Source material:
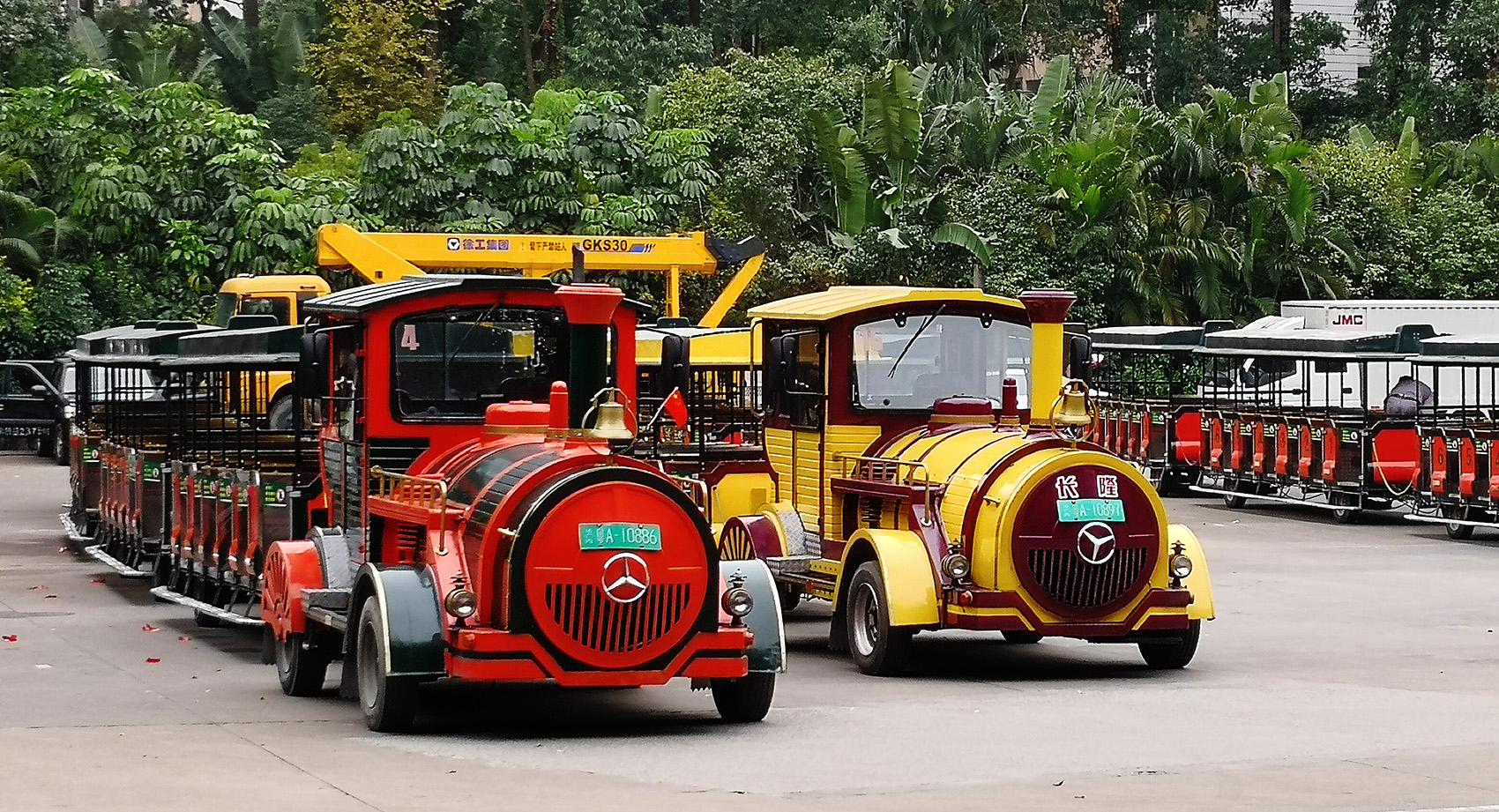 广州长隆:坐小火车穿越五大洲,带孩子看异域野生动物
* * *
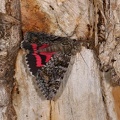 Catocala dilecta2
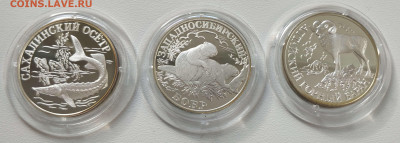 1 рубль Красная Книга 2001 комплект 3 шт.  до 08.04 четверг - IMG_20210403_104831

Exercise objective: Everything above from the line containing "Catocala dilecta2" through the line containing "1 рубль Красная" must be repeated exactly, and the pictures must be left out.

Solved exercise:
 Catocala dilecta2
 1 рубль Красная Книга 2001 комплект 3 шт.  до 08.04 четверг - IMG_20210403_104831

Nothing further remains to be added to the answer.